> **Material to process**:
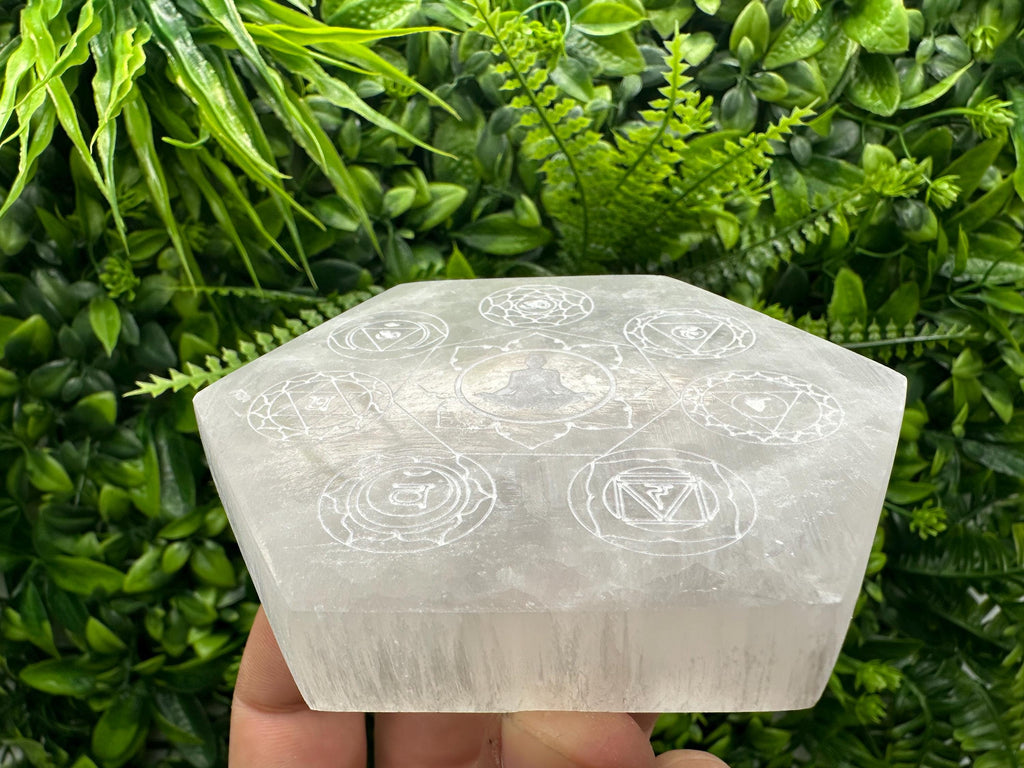 Selenite 7 Chakra Healing Disk: Spiritual Meditation Crystal (10/10 cm)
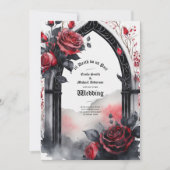 Gothic Red Black Rose bis zum Tod machen uns Teil Einladung (Vorderseite)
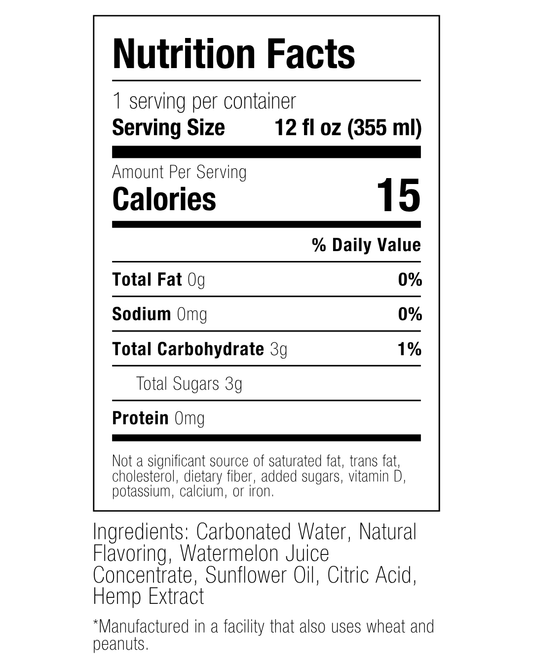 Watermelon THC:CBG Sparkling Water | 10mg THC:10mg CBG
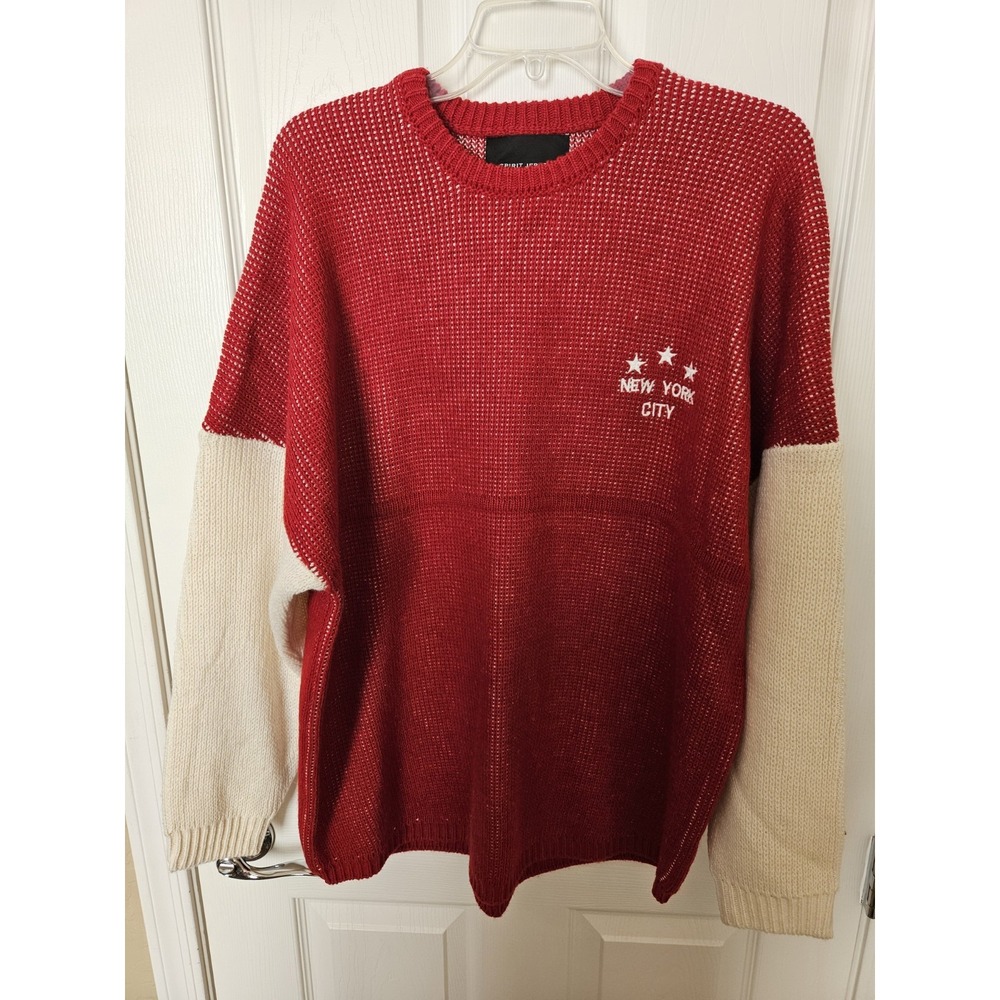 NWOT Spirit Jersey Women's New York Red Ivory LS Knit Sweater & Shorts Set, Med. - Picture 4 of 12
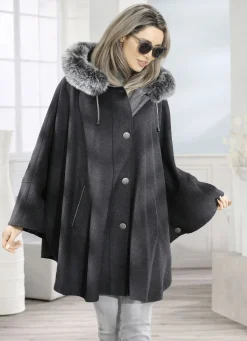 Cape mit Knopfleiste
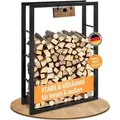 BLACK OAK Kaminholzregal JACK 150×100×25cm – Stahl schwarz für innen & außen - Schwarz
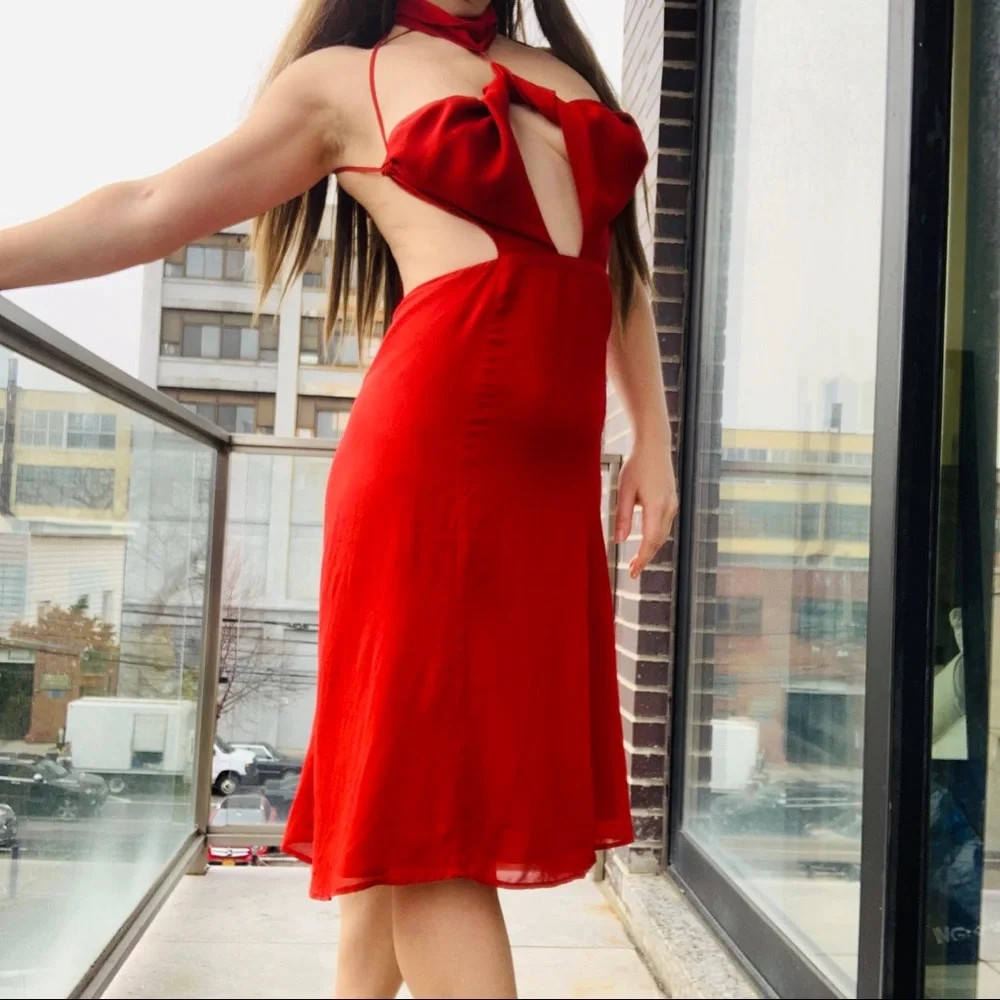 Reformation Neck Chocker Strappy Cherry MIDI Dress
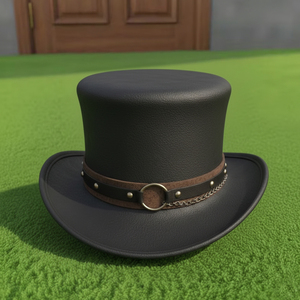 Premium quality custom made Handmade Leather <b>Top</b> Hat Gothic Steampunk Cosplay Men's Women's Festival Costume - Product Image 2
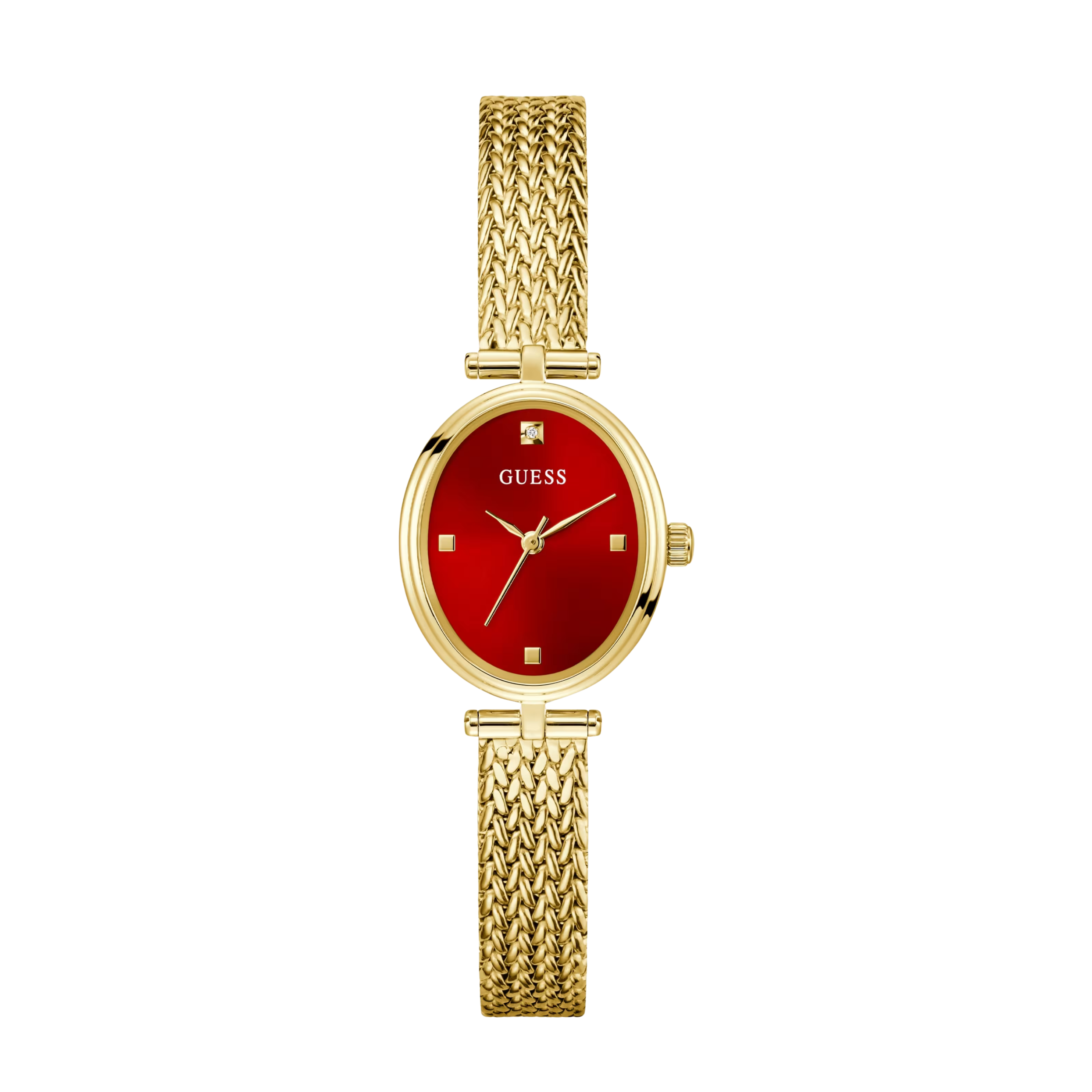 Guess Women Gold Tone Red Analog Watch GW0935L4 - Gold Red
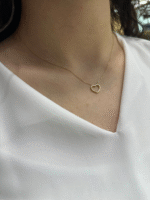 14  Ayar Altın İçi Boş Kalpli Kolye 649 - Görsel 2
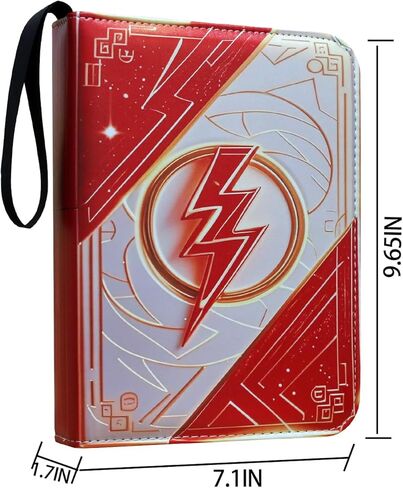 4-Pocket Trading Card Binder Album – Red and White, Holds 400 Cards, 50 Removable Sleeves, Durable PU Leather Card Holder and Display Book in Saudi Arabia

> **Task brief**:
Nothing but the lines from the one containing "Gothic Red Black" through the one containing "Cape mit Knopfleiste" should appear, copied exactly from the material above and without pictures.

> **Exercise output**:
 Gothic Red Black Rose bis zum Tod machen uns Teil Einladung (Vorderseite)
 Watermelon THC:CBG Sparkling Water | 10mg THC:10mg CBG
 NWOT Spirit Jersey Women's New York Red Ivory LS Knit Sweater & Shorts Set, Med. - Picture 4 of 12
 Cape mit Knopfleiste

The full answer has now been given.